Opinion: Bring Back Yass Barbie

This is an open letter to Mattel to let them know the new generation can learn to be a strong woman while looking amazing at the same time.

Picture+of+modern+made+to+move+Barbie+via+Mattels+store+website

Sienna Johnson

Picture of modern made to move Barbie via Mattels store website

by Sienna Johnson, Reporter

Barbie, the woman of every career. A relic of her time in each adaptation. Who went to the moon four years before any man could while having a full face of makeup. Barbie was put into this world as an icon for every child she has been purchased for since 1959. She always had a curvaceous body, bright makeup and lipstick to match, and a celebrity-style hairstyle. 

In the days of yore, Barbie was practically showered in glitter and pink while achieving her extensive career list of over 200. I remember being a kid and my Barbies had hot pink sequined dresses and even a pink belt on the zoo keeper costume. But something changed in 2014, something awful.

For years, Barbie was subject to criticism for being a “bad role model” for young girls (a sentiment that is never said to the big muscular superhero toys for boys) but around 2014 everything came to a halt. People have claimed Barbie as creating eating disorders and encouraging being dumb, which was a criticism of the 1992 “Teen Talk” Barbie who was a talking doll that said many phrases. Among these phrases was “Math class is hard.”

People who did not have functional thinking skills took this as a Barbie telling young children that being good at math is not something that anyone should aspire to. But if you have the ability to reason, you will realize that this is just Barbie saying she has trouble in math class, and as a person who is bad at math, why should it be taken as a bad thing? 

Just by simply googling the words “Barbie” and “Body Image” together, you would find hundreds of articles published about how Barbie creates a bad body image in young girls, but I see this as a scapegoat to defer the blame from parents and society. 

If you are a parent it is your responsibility to instill confidence in your children and blaming the body proportions of a doll is skirting that responsibility. If anything is going to tell a child they need to be skinny to be beautiful, it will more likely be their own family, bullying from other children, or an underlying mental health issue that causes self-hatred like depression or anxiety. 

The effort from the years 2014-2016 to try and expose Barbie as being feminism’s biggest problem was more of a non-issue that distracted from the bigger issues at hand in women’s rights, like being able to have paid maternity leave, ideas valued the same as men’s in the workplace and having their own bodily autonomy that is not decided upon by a lawmaker who doesn’t even understand female anatomy. 

These years in toy making were bad for Barbie, and the idea that Barbie was bad for feminism was shown by the horrible abomination of “Lammily,” the doll that was meant to be made after a real girl’s measurements.
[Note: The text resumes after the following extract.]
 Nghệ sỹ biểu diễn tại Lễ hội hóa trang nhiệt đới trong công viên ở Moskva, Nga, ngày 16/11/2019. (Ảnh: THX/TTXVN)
You know you have a doll that kids will love if one of the main selling points is that she “wears minimal makeup,” come on now. 

My biggest point here is my own experience as a little kid playing with dolls. Personally, I never felt like I had to look like Barbie. She was already me. I played through her. Her body type never made me feel bad about myself because I wasn’t supposed to be her, she was me and it didn’t matter to me her shoe height or if she was “just a regular girl,” she was meant to be larger than life to me. 

The dolls they have now don’t scream “kids¨ to me. Like with the Lammily dolls and others that were meant to be realistic, her new looks feels more like Barbie is meant for parents to buy to feel good about their parenting skills and not for the imagination of the child receiving it. 

I think it does the opposite of what the intention was, making Barbie seem like your everyday woman who wears flat shoes and little to no pink at all. They took away those things in an effort to correct the gender roles she had been thought to embody and made it seem like it is a bad thing to be a girl who likes feminine things.

You can be bad at math and smart in other areas. You can be president in high heels. You can be a CEO and then go out with Ken in a pink sparkly gown the same night. Bring back yass Barbie for yass kids everywhere.